Physical threats and a deluge of lawsuits
There were also threats to her physical safety, Ms Caruana Galizia’s widower recalled, such as when former Żurrieq mayor Ignatius Farrugia and a group of friends chased her down the street and forced her to seek refuge in a nearby convent.
All that would eventually be accompanied by a deluge of lawsuits and barrage of tax assessments intended to harass her, he told the inquiry.
Henley and Partners – the agents behind Malta’s cash-for-passport scheme – had received Prime Minister Joseph Muscat’s go-ahead to institute legal action against his wife, Dr Caruana Galizia said.

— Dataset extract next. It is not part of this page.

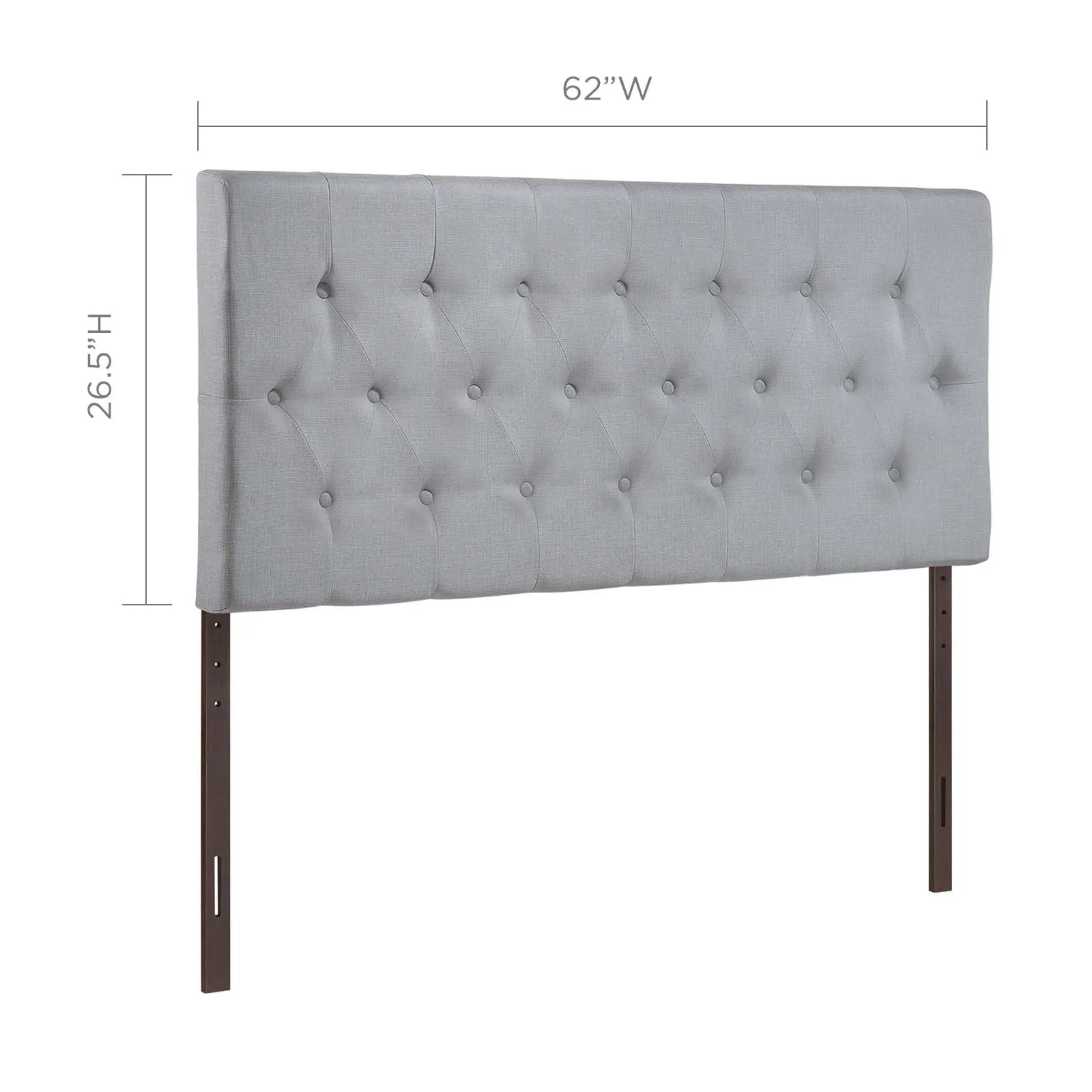 Clique Upholstered Fabric Headboard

Economy Minister Chris Cardona’s decision to freeze all her assets as part of a libel suit “practically brought her to her knees,” he said.
Pilatus Bank was also preparing a multi-million lawsuit in the US courts at the time of her murder.

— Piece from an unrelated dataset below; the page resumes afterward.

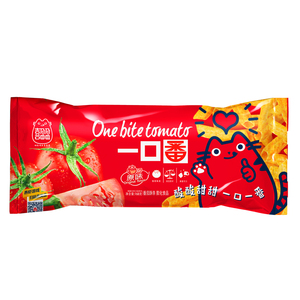 批发健康膨化食品番茄虾棒系列52g/中国风味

At the time of Ms Caruana Galizia’s assassination, she faced 45 active libel suits.
Dr Caruana Galizia said his wife also faced a series of VAT and tax assessments for around 10 years.
The public inquiry has been tasked, among other things, with establishing whether the state caused, through its actions or failure to act, a real risk to Ms Caruana Galizia’s life.

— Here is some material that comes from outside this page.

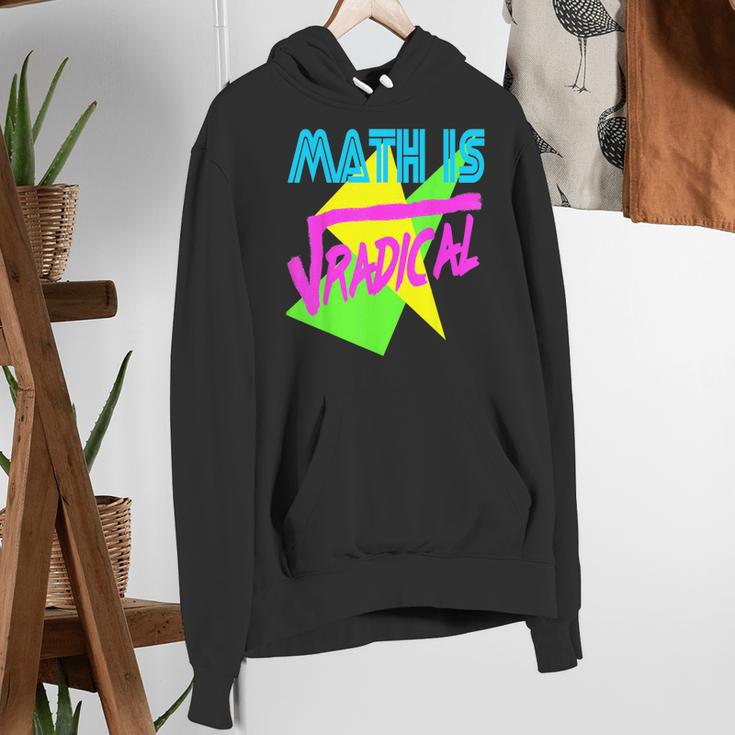 Math Is Radical Retro 80s Vintage Algebra Teacher Women's Hoodie, funny gift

Rather than discourage the use of phrases like “hate blogger” to describe his wife, ministers used them themselves, he said.
Developments in the murder investigation also indicated how the state played a role in her death, he noted.
Investigators have charged businessman Yorgen Fenech as an accomplice in the murder. Mr Fenech has, in turn, implicated former chief of staff Keith Schembri in the crime.
“Was her death avoidable?” Dr Caruana Galizia mused. “In hindsight, I say yes. Without the corruption, she would still be alive.”